-------- GIVEN ENTRIES

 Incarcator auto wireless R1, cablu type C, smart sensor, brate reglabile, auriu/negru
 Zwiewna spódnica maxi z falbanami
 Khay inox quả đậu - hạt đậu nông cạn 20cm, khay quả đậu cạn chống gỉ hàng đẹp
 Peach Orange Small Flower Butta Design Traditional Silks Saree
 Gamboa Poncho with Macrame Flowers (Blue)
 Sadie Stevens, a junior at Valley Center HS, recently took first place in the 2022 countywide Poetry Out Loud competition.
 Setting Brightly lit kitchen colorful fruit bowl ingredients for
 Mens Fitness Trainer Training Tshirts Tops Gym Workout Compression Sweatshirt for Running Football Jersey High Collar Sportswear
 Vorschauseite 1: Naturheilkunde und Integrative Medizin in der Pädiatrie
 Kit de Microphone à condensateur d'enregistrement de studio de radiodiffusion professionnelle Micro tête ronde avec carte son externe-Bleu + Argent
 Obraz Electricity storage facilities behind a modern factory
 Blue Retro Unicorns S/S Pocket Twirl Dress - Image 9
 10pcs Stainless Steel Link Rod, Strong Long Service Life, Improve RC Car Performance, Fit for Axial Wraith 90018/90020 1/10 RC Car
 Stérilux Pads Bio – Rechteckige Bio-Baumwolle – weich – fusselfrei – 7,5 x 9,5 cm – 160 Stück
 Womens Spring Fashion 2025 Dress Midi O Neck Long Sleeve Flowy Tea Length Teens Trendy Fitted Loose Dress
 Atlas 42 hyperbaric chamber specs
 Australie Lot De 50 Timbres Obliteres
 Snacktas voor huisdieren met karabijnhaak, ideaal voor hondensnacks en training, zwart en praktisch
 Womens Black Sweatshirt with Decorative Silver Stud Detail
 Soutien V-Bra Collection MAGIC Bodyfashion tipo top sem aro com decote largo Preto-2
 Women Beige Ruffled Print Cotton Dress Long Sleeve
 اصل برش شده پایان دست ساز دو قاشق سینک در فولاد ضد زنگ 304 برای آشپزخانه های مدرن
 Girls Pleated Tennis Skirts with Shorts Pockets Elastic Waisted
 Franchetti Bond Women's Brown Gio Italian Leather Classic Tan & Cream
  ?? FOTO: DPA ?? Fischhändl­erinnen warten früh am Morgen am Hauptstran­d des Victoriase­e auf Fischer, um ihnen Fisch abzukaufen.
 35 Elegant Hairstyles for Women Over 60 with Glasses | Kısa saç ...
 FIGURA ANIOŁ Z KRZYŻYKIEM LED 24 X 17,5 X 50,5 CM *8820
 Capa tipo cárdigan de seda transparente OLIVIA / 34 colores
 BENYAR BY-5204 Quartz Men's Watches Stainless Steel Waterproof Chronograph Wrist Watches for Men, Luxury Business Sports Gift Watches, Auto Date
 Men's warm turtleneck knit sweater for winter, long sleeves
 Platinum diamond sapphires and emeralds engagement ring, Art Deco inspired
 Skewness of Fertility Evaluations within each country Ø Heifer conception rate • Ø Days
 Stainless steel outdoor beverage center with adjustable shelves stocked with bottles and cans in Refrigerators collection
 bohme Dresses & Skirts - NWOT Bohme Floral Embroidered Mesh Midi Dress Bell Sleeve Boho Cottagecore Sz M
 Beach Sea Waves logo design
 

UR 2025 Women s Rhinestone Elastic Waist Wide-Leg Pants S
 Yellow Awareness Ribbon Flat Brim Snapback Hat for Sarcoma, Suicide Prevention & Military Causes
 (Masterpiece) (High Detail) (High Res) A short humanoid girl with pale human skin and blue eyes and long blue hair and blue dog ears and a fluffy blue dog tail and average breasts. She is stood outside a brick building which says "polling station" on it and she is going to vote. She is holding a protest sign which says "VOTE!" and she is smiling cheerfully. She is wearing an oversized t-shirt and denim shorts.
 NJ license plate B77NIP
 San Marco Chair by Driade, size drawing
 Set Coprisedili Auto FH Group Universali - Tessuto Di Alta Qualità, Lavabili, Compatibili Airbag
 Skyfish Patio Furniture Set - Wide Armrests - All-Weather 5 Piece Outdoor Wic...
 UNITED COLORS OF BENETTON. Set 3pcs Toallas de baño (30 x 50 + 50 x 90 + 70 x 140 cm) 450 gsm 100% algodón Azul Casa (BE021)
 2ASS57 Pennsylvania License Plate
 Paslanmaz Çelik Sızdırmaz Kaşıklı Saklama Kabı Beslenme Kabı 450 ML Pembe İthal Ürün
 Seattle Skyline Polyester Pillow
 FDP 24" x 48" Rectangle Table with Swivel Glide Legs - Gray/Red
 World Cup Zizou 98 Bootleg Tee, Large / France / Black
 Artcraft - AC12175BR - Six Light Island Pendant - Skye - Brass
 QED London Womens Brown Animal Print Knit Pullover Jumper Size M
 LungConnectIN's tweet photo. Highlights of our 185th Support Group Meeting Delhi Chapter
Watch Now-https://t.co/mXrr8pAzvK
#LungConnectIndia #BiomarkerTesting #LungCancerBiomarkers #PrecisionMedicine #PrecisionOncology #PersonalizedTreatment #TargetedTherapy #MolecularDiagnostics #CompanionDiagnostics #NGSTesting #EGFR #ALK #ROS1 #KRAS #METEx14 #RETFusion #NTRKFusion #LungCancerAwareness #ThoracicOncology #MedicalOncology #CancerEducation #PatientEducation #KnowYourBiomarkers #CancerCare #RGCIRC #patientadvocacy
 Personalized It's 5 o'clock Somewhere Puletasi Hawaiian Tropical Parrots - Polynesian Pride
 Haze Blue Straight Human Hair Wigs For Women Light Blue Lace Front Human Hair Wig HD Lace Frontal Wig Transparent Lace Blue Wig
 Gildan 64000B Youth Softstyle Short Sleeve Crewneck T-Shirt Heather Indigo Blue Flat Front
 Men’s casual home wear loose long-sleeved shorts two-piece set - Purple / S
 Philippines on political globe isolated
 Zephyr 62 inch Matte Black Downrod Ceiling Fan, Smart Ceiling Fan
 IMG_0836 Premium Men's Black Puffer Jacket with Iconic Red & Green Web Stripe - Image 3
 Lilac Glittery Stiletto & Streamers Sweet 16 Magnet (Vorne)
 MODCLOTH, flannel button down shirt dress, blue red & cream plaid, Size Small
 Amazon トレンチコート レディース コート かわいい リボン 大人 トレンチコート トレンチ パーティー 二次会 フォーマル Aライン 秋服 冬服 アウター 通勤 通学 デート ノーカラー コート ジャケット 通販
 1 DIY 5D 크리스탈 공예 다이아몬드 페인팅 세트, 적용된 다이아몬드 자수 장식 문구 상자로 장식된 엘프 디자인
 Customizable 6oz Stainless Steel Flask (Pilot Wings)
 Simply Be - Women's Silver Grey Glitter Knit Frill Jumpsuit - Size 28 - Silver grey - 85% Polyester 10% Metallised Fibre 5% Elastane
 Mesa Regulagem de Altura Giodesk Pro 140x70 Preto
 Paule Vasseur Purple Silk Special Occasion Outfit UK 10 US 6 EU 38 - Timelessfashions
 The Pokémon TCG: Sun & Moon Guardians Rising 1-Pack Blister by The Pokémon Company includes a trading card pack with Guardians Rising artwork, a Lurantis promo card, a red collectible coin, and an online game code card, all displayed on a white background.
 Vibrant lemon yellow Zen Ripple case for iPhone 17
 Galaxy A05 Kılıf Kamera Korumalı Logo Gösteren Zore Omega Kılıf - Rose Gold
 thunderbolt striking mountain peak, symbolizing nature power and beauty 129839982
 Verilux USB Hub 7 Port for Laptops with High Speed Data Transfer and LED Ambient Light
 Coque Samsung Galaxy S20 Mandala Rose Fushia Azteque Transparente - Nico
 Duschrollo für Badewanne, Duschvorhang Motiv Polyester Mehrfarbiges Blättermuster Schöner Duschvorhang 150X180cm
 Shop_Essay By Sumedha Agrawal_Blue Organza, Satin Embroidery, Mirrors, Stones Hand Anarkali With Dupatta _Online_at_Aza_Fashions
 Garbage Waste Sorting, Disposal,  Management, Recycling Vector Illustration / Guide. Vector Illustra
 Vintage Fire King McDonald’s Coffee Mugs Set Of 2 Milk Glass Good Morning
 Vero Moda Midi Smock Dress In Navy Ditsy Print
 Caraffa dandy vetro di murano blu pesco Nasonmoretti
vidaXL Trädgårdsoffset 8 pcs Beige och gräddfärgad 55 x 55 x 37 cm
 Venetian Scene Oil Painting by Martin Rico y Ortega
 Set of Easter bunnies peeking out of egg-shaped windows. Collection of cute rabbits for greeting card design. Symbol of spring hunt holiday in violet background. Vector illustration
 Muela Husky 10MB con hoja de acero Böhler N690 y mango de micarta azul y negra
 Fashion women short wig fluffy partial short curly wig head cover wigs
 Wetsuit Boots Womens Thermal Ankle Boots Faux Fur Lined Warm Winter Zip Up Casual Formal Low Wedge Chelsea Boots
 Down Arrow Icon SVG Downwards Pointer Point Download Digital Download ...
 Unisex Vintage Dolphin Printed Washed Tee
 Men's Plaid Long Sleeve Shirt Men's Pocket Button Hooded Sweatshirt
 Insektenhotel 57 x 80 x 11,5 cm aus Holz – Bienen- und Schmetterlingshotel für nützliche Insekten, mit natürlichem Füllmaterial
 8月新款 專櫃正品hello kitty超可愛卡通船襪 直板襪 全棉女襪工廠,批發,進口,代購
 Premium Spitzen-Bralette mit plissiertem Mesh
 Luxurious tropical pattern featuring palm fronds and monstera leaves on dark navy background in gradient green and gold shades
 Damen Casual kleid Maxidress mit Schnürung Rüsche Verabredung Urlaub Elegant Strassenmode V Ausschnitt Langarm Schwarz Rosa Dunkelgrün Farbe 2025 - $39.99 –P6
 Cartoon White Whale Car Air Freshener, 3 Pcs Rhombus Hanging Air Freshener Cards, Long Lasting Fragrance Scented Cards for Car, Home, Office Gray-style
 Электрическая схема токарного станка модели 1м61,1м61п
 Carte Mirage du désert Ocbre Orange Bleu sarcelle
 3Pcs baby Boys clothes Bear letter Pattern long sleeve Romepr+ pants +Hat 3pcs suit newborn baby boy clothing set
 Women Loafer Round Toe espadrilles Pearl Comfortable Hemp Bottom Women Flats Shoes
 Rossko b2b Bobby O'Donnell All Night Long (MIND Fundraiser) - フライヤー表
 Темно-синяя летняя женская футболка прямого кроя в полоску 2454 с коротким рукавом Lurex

----------------

TASK REQUIREMENTS: The required output is each line of the entries that contains the word "Front".

OUTPUT BELOW:
 Haze Blue Straight Human Hair Wigs For Women Light Blue Lace Front Human Hair Wig HD Lace Frontal Wig Transparent Lace Blue Wig
 Gildan 64000B Youth Softstyle Short Sleeve Crewneck T-Shirt Heather Indigo Blue Flat Front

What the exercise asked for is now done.